*LISTED RECORDS*:
▼
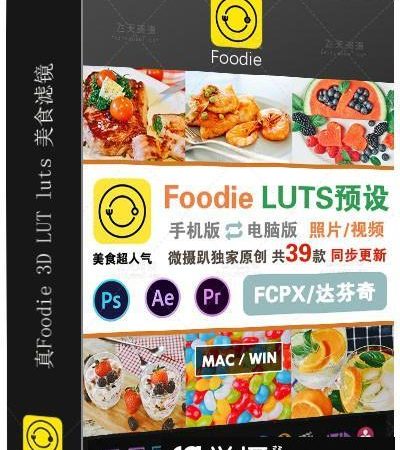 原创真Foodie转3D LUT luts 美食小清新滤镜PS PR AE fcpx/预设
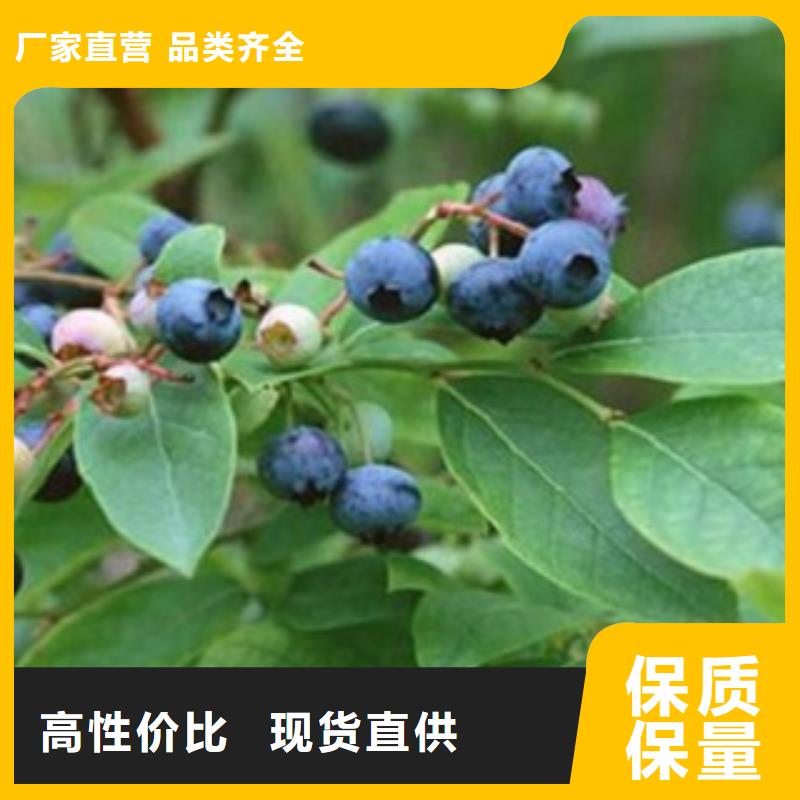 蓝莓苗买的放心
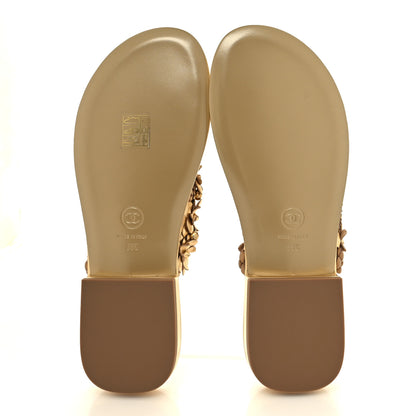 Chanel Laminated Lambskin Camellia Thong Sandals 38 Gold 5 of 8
▲
▼
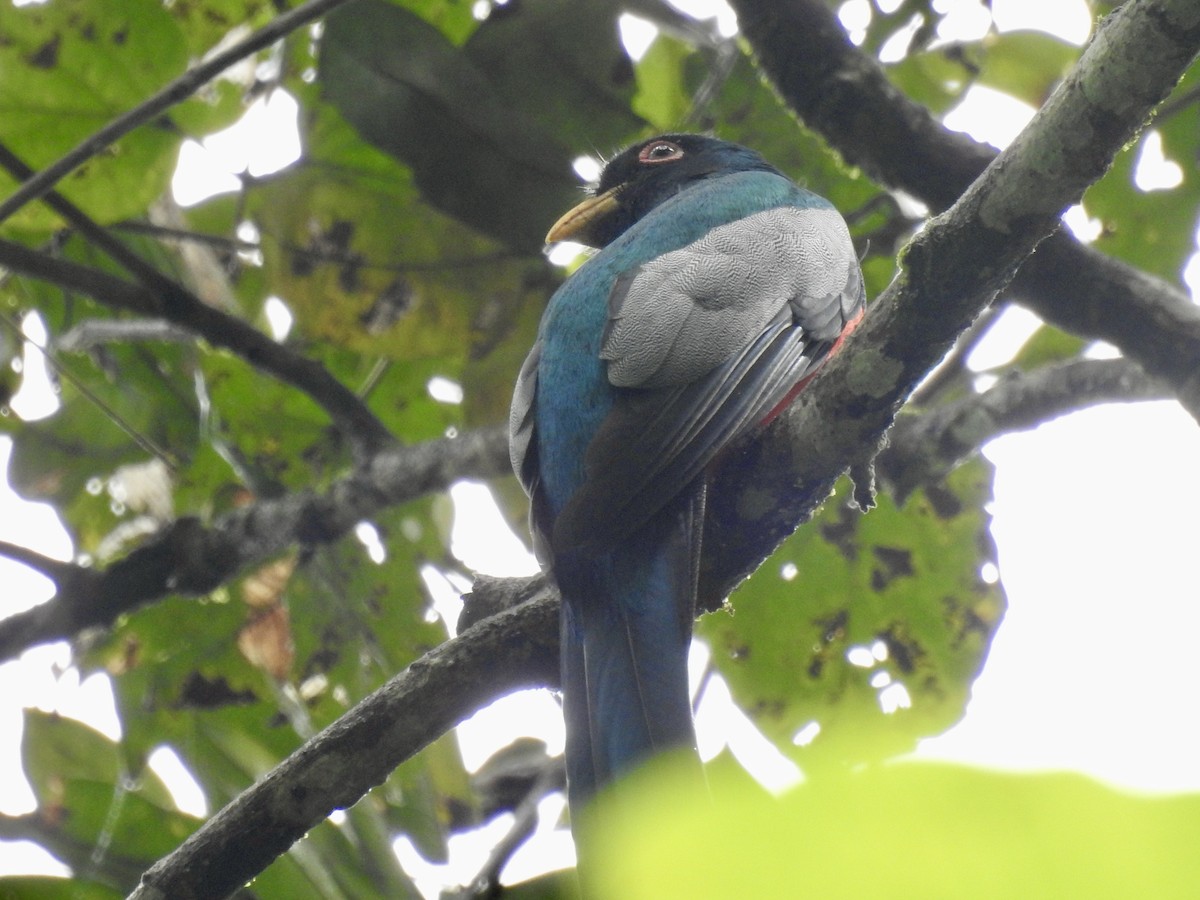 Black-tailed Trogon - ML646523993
▲
*TASK*: Copy back exactly the lines above from the one containing "原创真Foodie转3D LUT luts" through the one containing "Chanel Laminated Lambskin", and leave every picture behind.

*COMPLETED TASK*:
 原创真Foodie转3D LUT luts 美食小清新滤镜PS PR AE fcpx/预设
 蓝莓苗买的放心
 Chanel Laminated Lambskin Camellia Thong Sandals 38 Gold 5 of 8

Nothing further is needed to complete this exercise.